Didier Mouget a rappelé que les services prodigués par PwC sont conformes aux règles nationales...et internationales. (Photo: Charles Caratini / archives)

Didier Mouget a rappelé que les services prodigués par PwC sont conformes aux règles nationales...et internationales. (Photo: Charles Caratini / archives)

«On va essayer d'être aussi transparent que possible», a déclaré Didier Mouget jeudi lors d'une conférence de presse convoquée en urgence après les révélations sur LuxLeaks, portant sur les accords fiscaux entre l'Administration des contributions et des grandes firmes soucieuses de minimiser leurs impôts à travers du shopping fiscal, notamment au Luxembourg.
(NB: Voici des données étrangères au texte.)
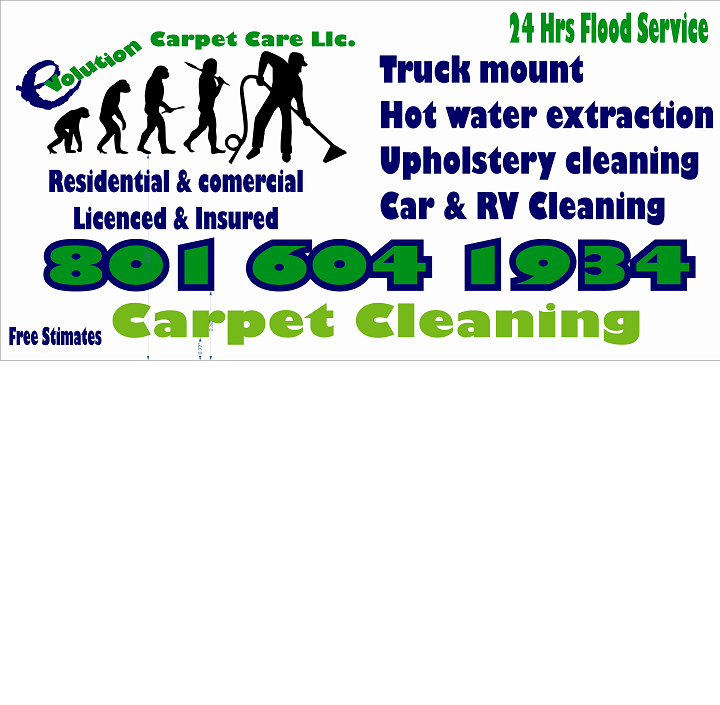 Photo of Evolution Carpet Care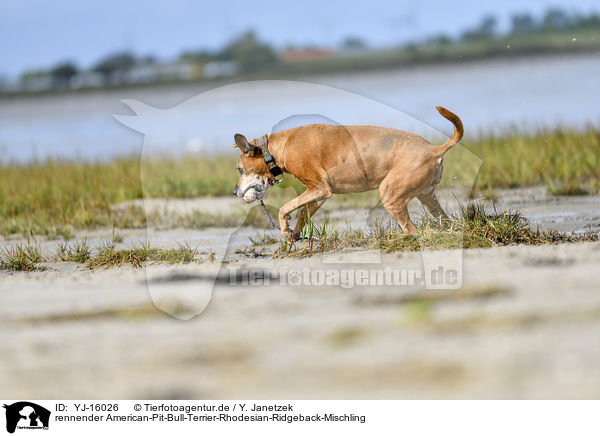 rennender American-Pit-Bull-Terrier-Rhodesian-Ridgeback-Mischling / running American-Pit-Bull-Terrier-Rhodesian-Ridgeback-Mongrel / YJ-16026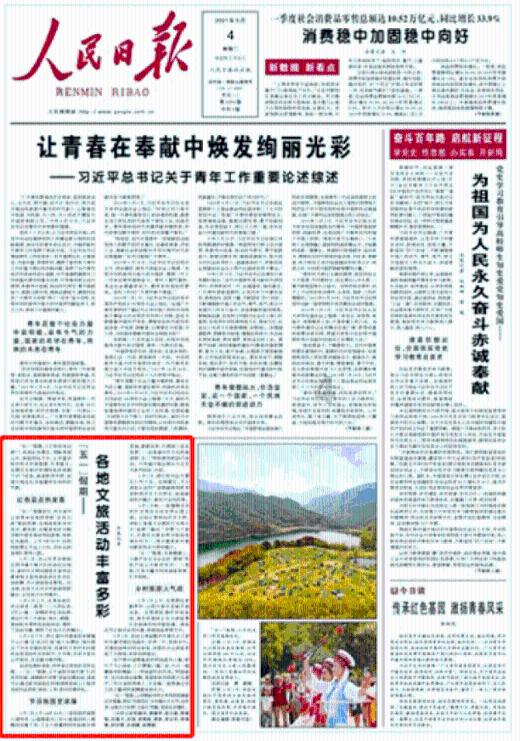 神秘的岛屿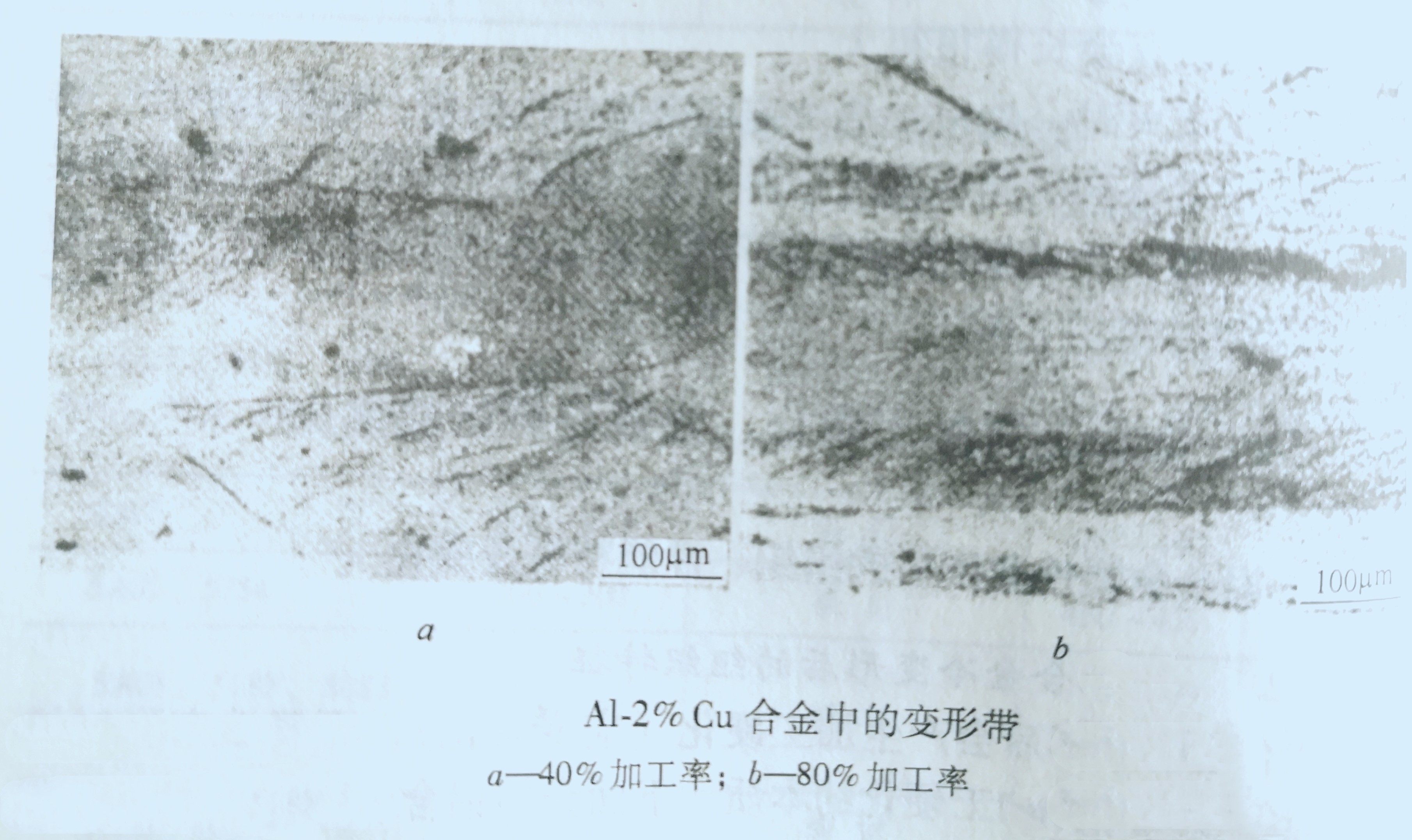 山东铝板厂家 山东铝板厂家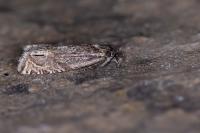 Eucosma aspidiscana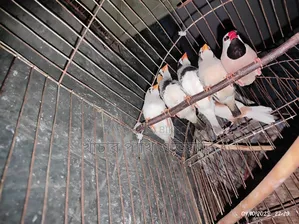 লংটেইল ফিঞ্চ পুরুষ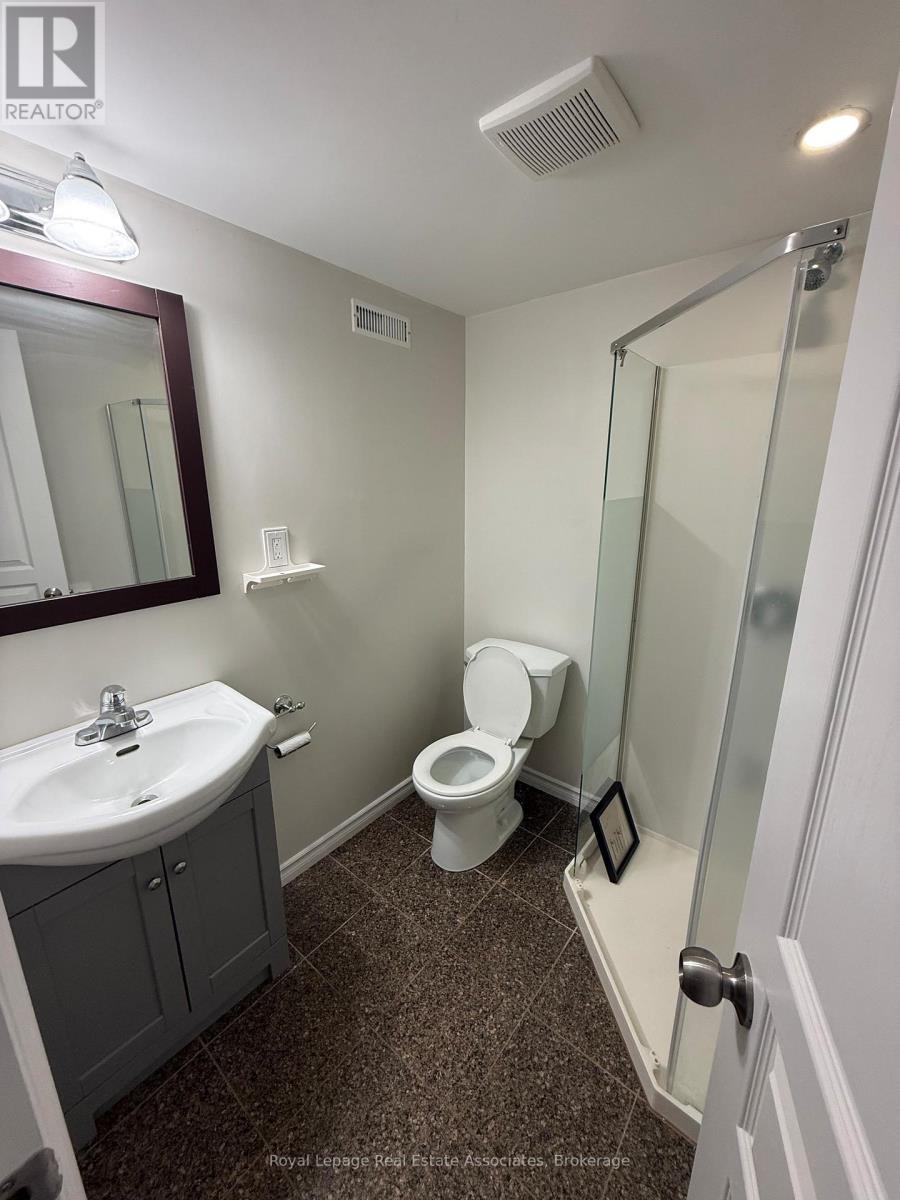 Basement - 135 Monarch Street, Welland, Ontario  L3B 5N8 - Photo 14 - X12955984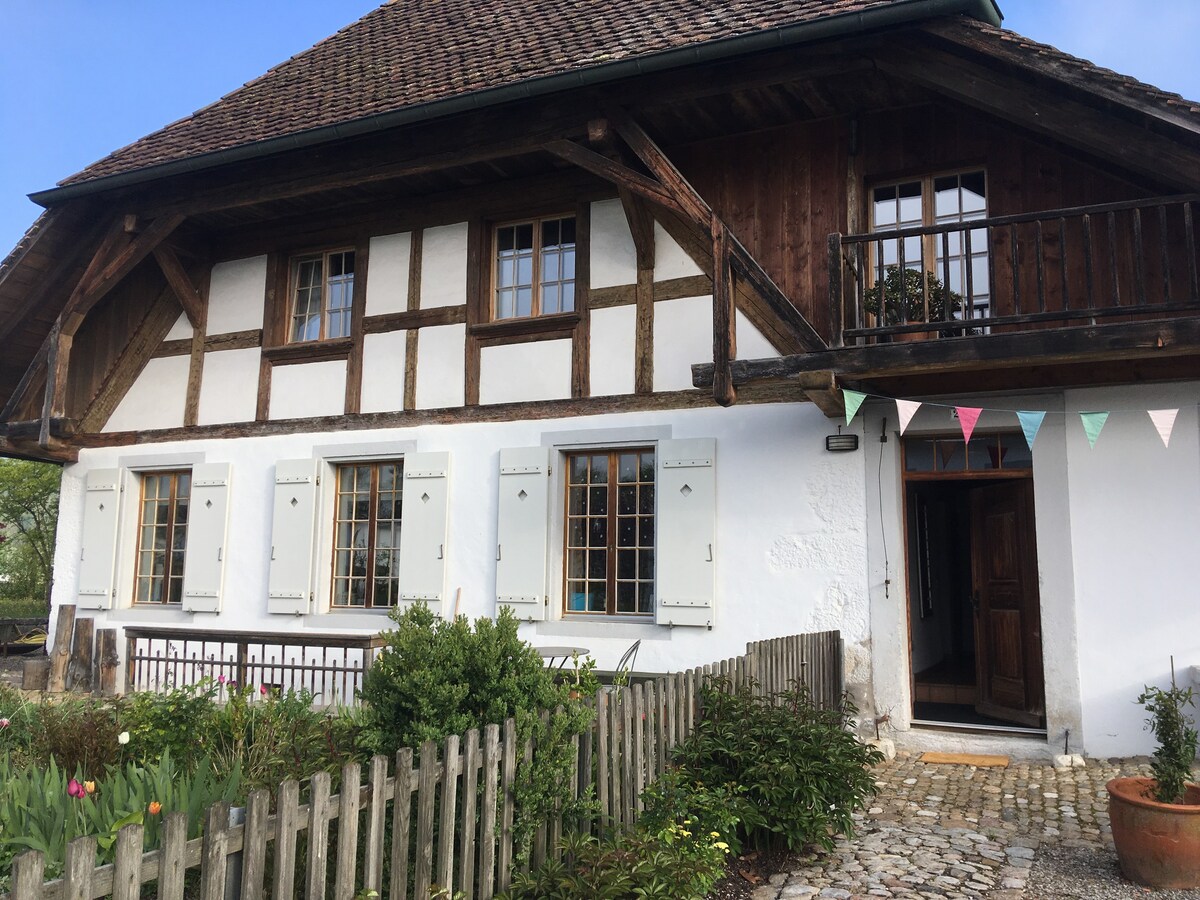 Old Jurahaus距离Solothurn City5公里(1)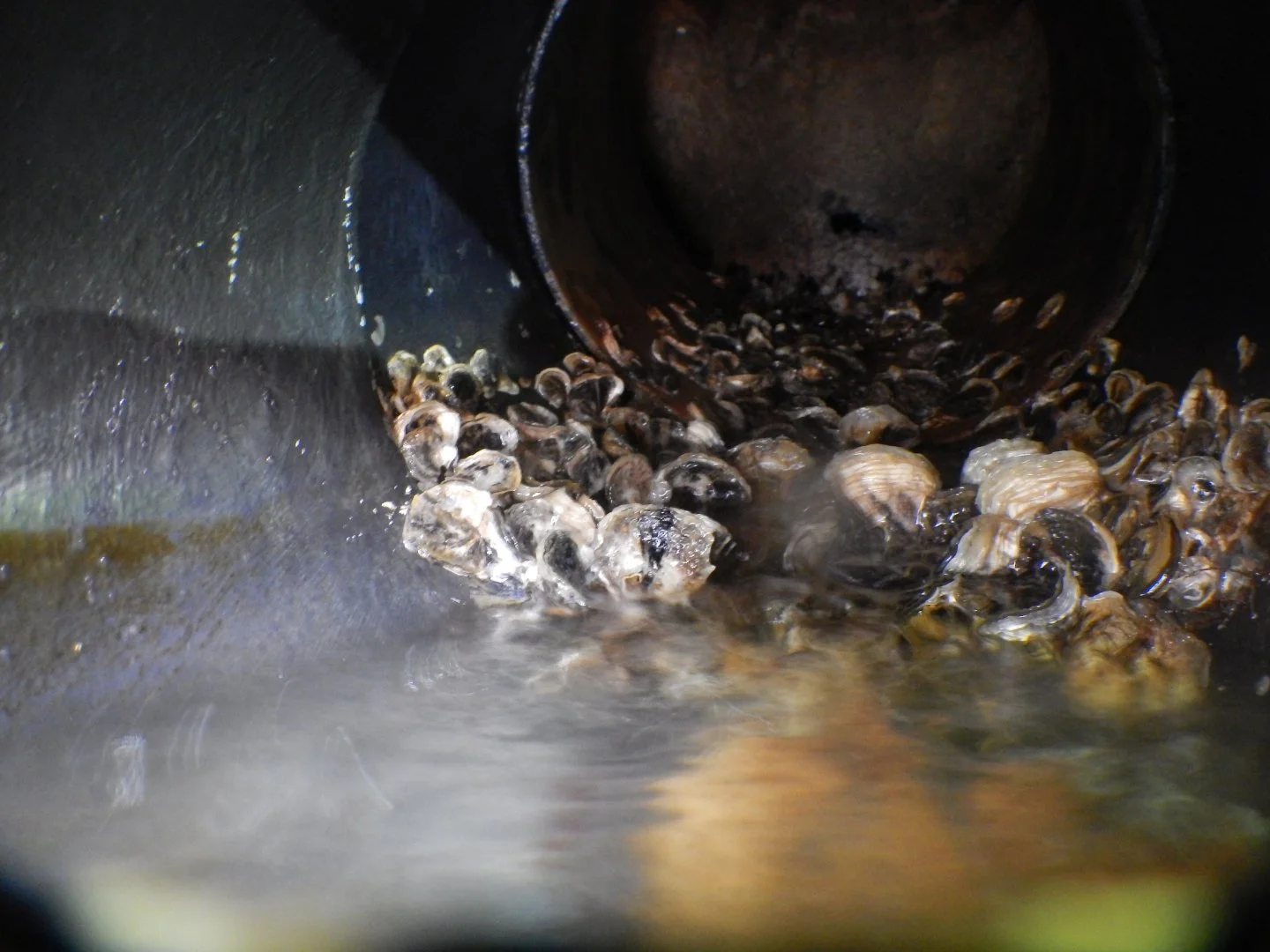 Oysters inside exhaust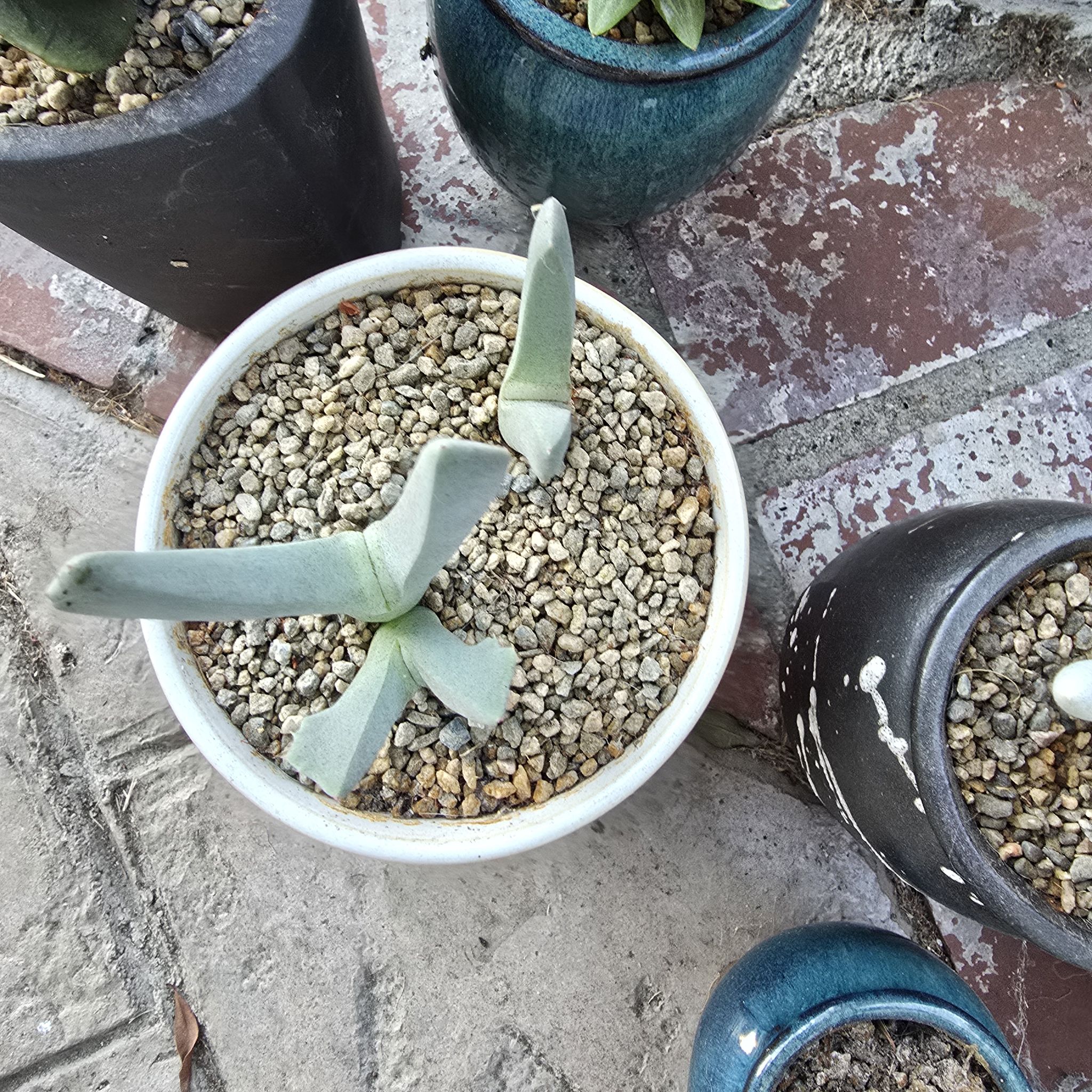 Photo of the plant species Lobster Claws by @BeamingViszsla named C d on Greg, the plant care app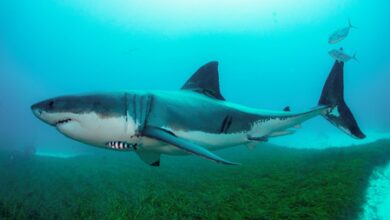Man hospitalised after shark attack in Australia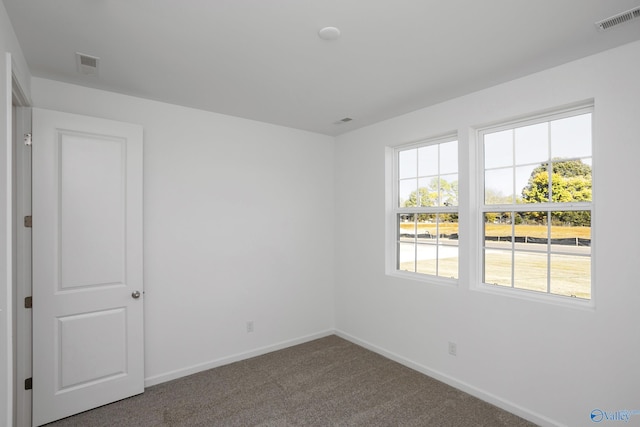 unfurnished room with carpet flooring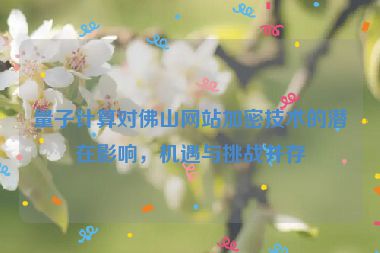 量子計(jì)算對(duì)佛山網(wǎng)站加密技術(shù)的潛在影響，機(jī)遇與挑戰(zhàn)并存
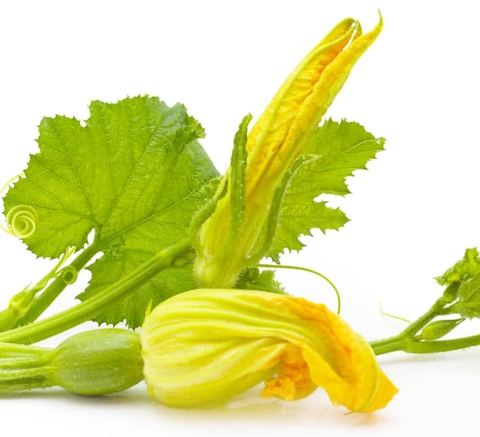 Da Lat Squash Blossom 400g - 600g Tray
Le managing partner de PwC qui était aux côtés de Wim Piot, associé en charge des services fiscaux, place cette affaire comme «une campagne massive qui vise essentiellement le Luxembourg et certaines activités qui y sont conduites». La firme d'audit, qui a réalisé la plupart des montages épinglés dans LuxLeaks, souffrirait ainsi moins de l'acharnement des médias étrangers de cette action concertée et «commerciale», selon Didier Mouget, mené sous la houlette du consortium de journalistes ICIJ.org

Pour autant, les centaines d'accords fiscaux qui ont fait l'objet de fuite dans les médias proviennent pour l'essentiel de PwC Luxembourg, victime d'un vol de documents en septembre 2010. Évoquant le secret de l'instruction (l'enquête est toujours en cours deux ans après le dépôt de la plainte), Didier Mouget n'est pas rentré dans le détail sur le comment de la fuite d'informations qui a fait l'objet d'une plainte contre X, déposée par PWC au Parquet de Luxembourg en mai 2012, après que des investigations internes aient permis d'identifier celui ou ceux qui en sont à l'origine.

Selon les indications du dirigeant, personne n'a été puni. Parmi les hypothèses retenues, il pourrait donc s'agir d'un ex-employé de la firme, qui aurait quitté PwC avant de transmettre les informations aux médias (notamment à des journalistes de France 2 et de la BBC) en 2012, soit deux ans apres la fraude commise en 2010.

«Une très grande partie, mais pas uniquement, des documents est basée sur des documents de PwC qui ont été obtenus de manière illégale», a fait savoir Didier Mouget en précisant que ceux qui les détenaient en faisaient du recel, ce qui relevait du droit pénal. Les dirigeants de PwC ont par ailleurs assuré que les conseils qu'ils ont été fournis aux groupes multinationaux étaient restés dans les clous de la légalité: «On conseille les clients sur la meilleure manière de gérer leurs obligations fiscales (...) et comment les groupes peuvent au mieux organiser la structuration de leurs activités de la manière la moins fiscalement coûteuse», a déclaré Didier Mouget. «Nous le faisons, a-t-il précisé, dans le respect absolu des réglementations fiscales locales et internationales».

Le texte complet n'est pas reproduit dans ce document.